En muchas ocasiones me pregunto si fueron espontáneas las numerosísimas manifestaciones de entonces. También si es espontáneo el silencio de hoy. ¿Ambas actitudes responden a un comportamiento previsible de los seres humanos? ¿O acaso se explican en el éxito de una manipulación colectiva de la que no nos hemos librado ni los que padecemos las más terribles consecuencias? La experiencia nos enseñó que no son pocos los que están en disposición de ocultar la verdad; sin embargo, el olvido que nos condujo al silencio creo que únicamente se puede explicar si responde a las facultades de mentes que no son siempre fáciles de manipular.
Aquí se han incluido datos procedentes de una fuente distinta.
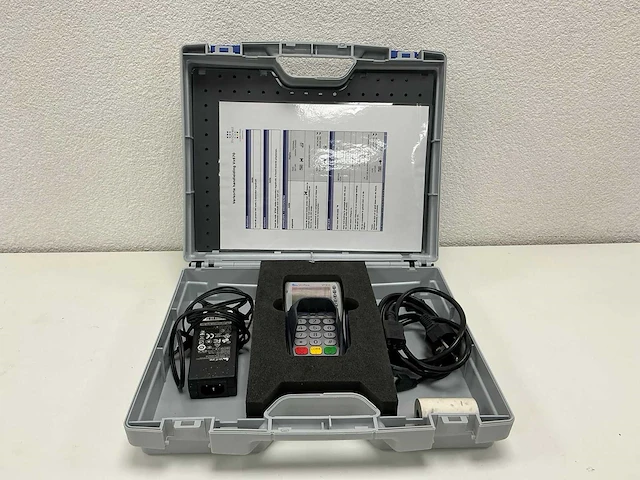Verifone 670 medische pin apparaat - afbeelding 1 van  1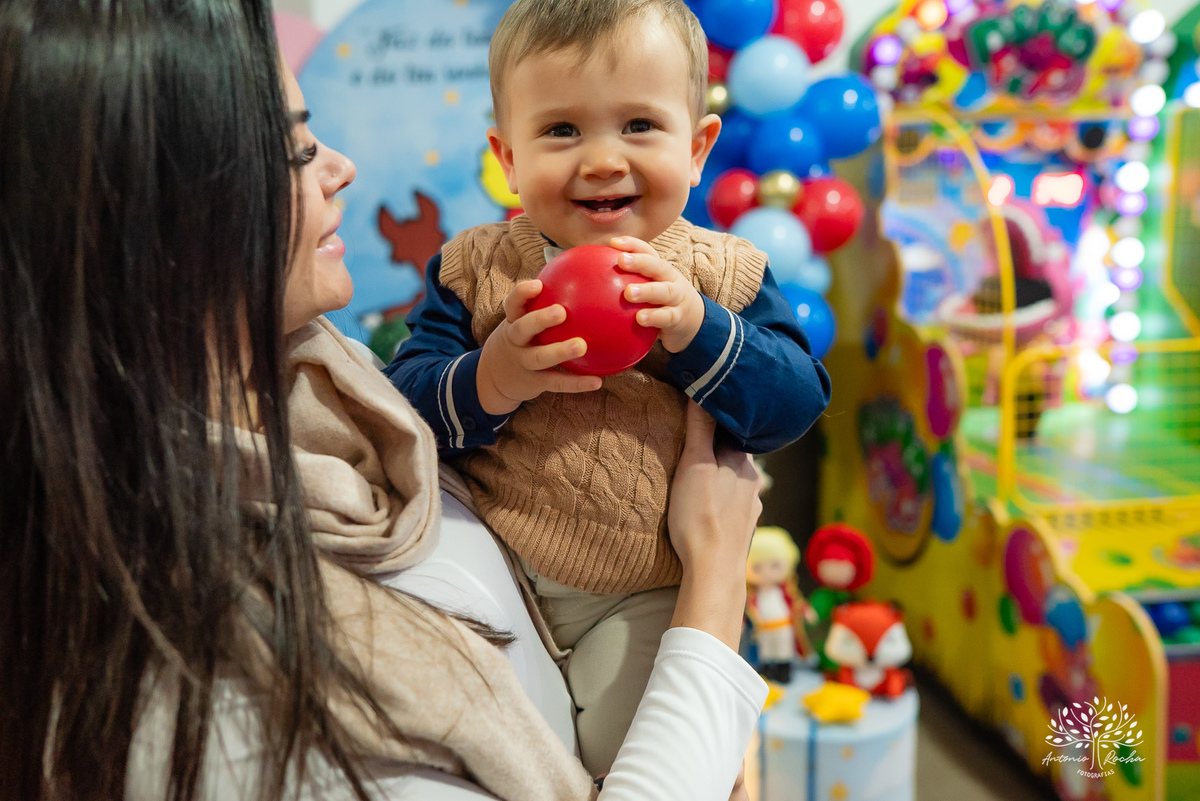 primeiro aninho - fotografia infantil - fotógrafo de aniversário - ensaio de gestante - chá de bebê - família - festa infantil - conexão com o cliente - Antonio Rocha Fotografias - fotografia documental - aniversário 1 ano - ensaio de bebê - Pelotas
¿Qué extraño sortilegio ha servido para que incluso las víctimas sigamos asistiendo impasibles a la total manipulación de los hechos que nos causan tanto sufrimiento? ¿De dónde proceden las fuerzas que nos inmovilizan como individuos y como sociedad? ¿Tienen su origen en los aledaños de los terroristas o en las cercanías de nuestros "ángeles custodios"? Allá cada cual con su respuesta. Pero al menos yo jamás creeré que procedan de los "idus" de aquel trágico marzo de 2004... Estoy convencido de que provienen de los "contra-idus".

En cualquier caso, y nos llegue desde donde nos llegue, no podemos negar que nos acompaña un silencio tan injusto como el dolor que nos causa. Y no me conformó a vivir con él. Todos, sin excepción, necesitamos reflexionar sobre lo que ocurrió, sobre cómo nos comportamos entonces, sobre cómo nos comportamos ahora, sobre lo que se nos ofreció y se nos ofrece como información veraz... No podemos dejar de preguntarnos si nuestro dolor se puso al servicio de miserables sin escrúpulos. Si de nuestro sufrimiento otros muchos sacaron ventaja.

Si después de reflexionar llegásemos a la conclusión de que tanto los ciudadanos como sus servidores públicos han cumplido con su deber, podríamos descansar; no del sufrimiento, pero sí de la espantosa duda que lo acrecienta. Pero de no ser así, de llegar a la conclusión contraria, no nos quedaría más remedio que reconocer que es mucho lo que tendremos que cambiar en nosotros mismos para que no tarde el día en que la memoria, la dignidad y la justicia sean algo más que tres sueños inalcanzables para las víctimas de los crímenes de marzo de 2004.